## DATA TO USE

........

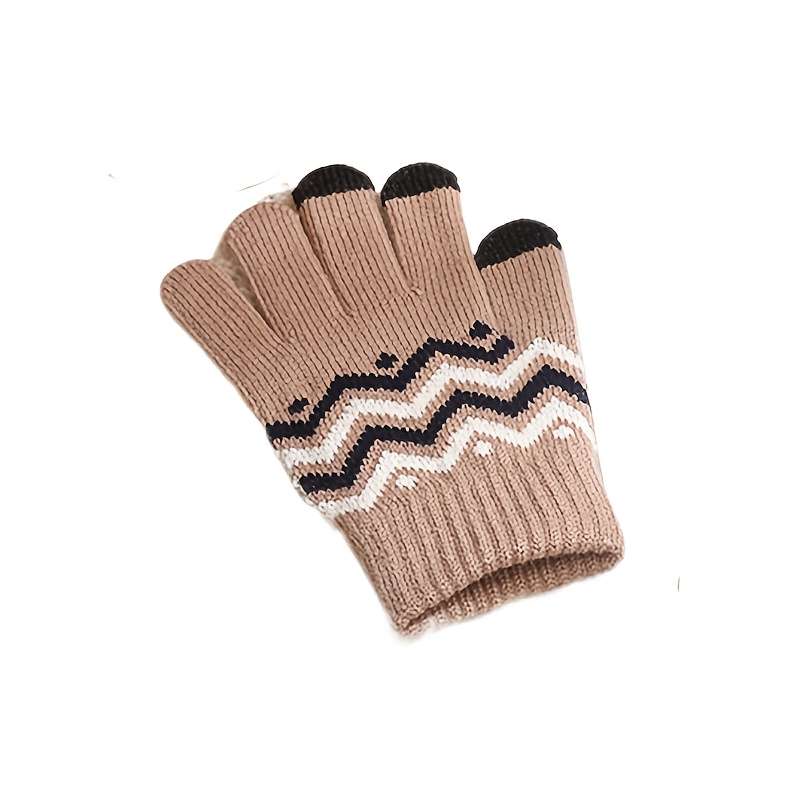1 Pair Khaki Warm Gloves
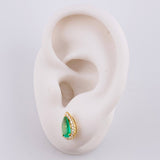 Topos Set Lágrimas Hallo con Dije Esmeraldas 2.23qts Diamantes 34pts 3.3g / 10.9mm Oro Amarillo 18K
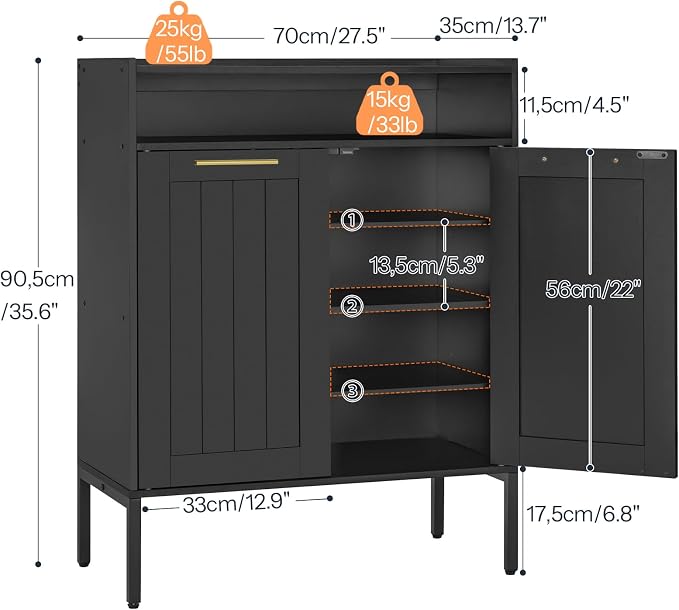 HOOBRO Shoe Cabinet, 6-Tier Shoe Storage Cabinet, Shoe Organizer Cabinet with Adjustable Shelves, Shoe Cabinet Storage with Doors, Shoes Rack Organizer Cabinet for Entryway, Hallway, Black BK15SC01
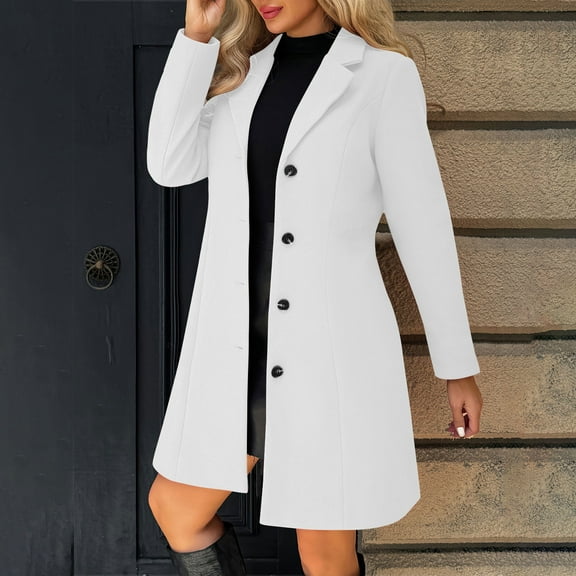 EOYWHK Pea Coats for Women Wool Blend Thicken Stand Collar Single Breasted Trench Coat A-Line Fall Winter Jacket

........

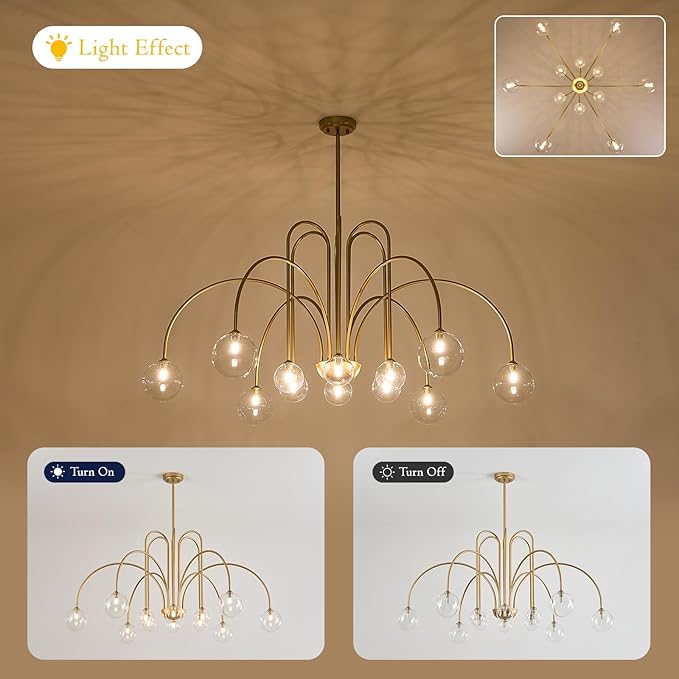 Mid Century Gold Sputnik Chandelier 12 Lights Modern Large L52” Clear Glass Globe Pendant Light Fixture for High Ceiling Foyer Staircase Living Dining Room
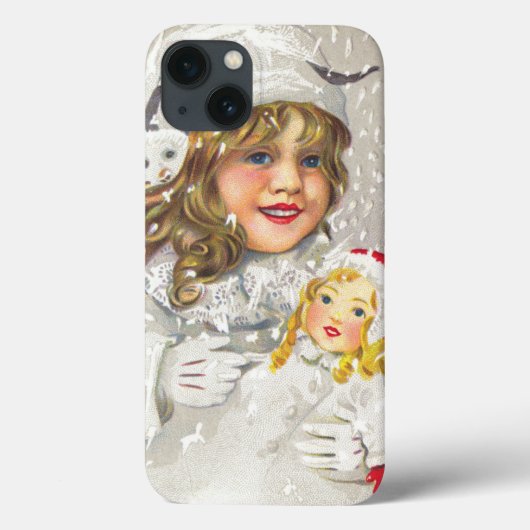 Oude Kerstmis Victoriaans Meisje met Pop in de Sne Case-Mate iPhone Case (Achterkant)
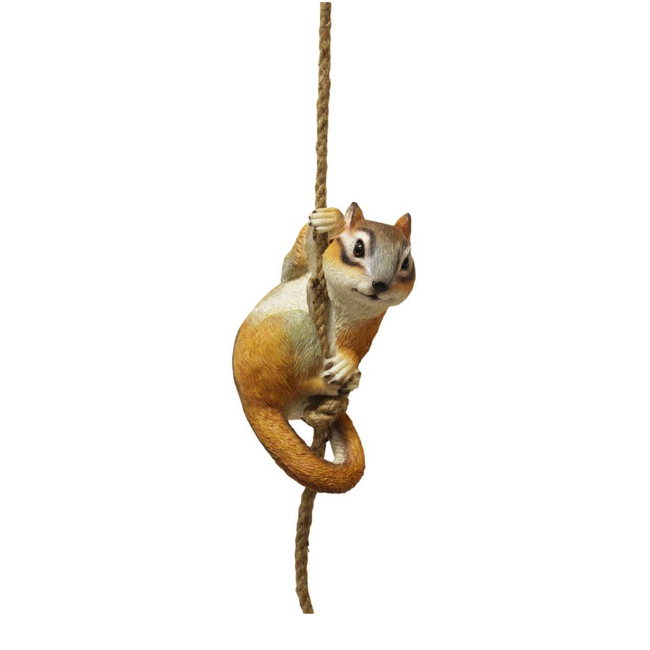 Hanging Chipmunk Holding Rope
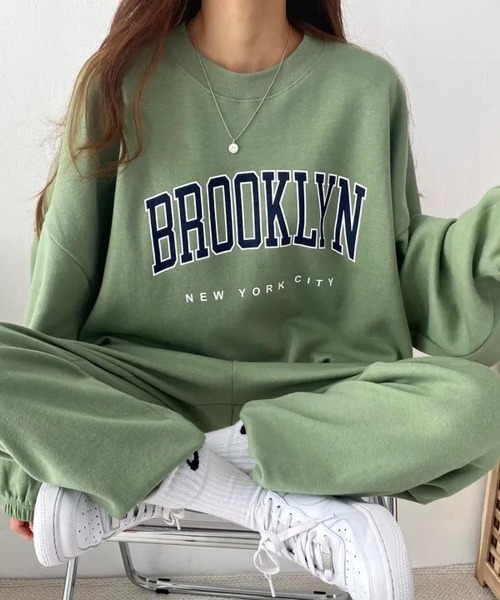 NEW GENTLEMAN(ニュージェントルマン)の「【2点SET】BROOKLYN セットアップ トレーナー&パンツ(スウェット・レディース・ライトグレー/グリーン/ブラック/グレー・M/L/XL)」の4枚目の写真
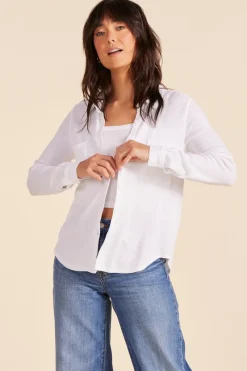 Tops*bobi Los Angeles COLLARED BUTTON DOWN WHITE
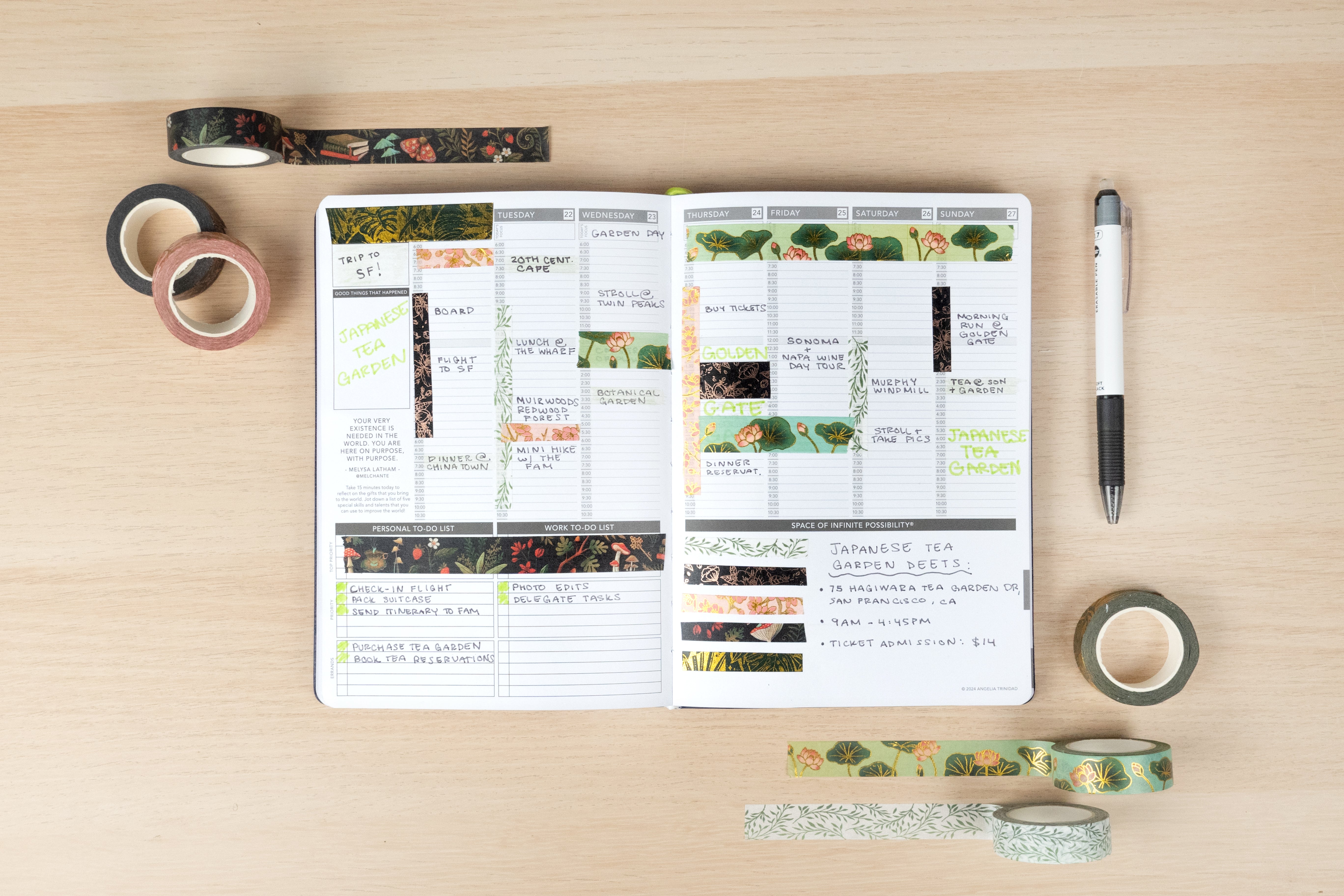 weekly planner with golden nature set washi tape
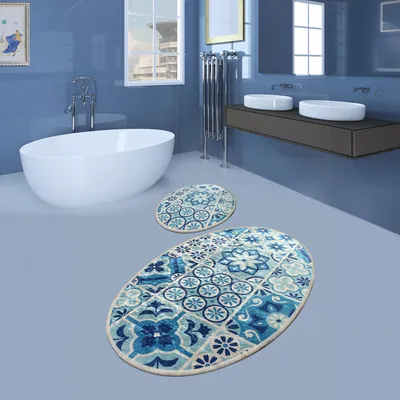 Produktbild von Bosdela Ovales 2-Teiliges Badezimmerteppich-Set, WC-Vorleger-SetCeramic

........

Copy the lines above exactly, starting with the line that contains "1 Pair Khaki Warm Gloves" and ending with the line that contains "EOYWHK Pea Coats", and leave out any pictures.

1 Pair Khaki Warm Gloves
 Topos Set Lágrimas Hallo con Dije Esmeraldas 2.23qts Diamantes 34pts 3.3g / 10.9mm Oro Amarillo 18K
 HOOBRO Shoe Cabinet, 6-Tier Shoe Storage Cabinet, Shoe Organizer Cabinet with Adjustable Shelves, Shoe Cabinet Storage with Doors, Shoes Rack Organizer Cabinet for Entryway, Hallway, Black BK15SC01
 EOYWHK Pea Coats for Women Wool Blend Thicken Stand Collar Single Breasted Trench Coat A-Line Fall Winter Jacket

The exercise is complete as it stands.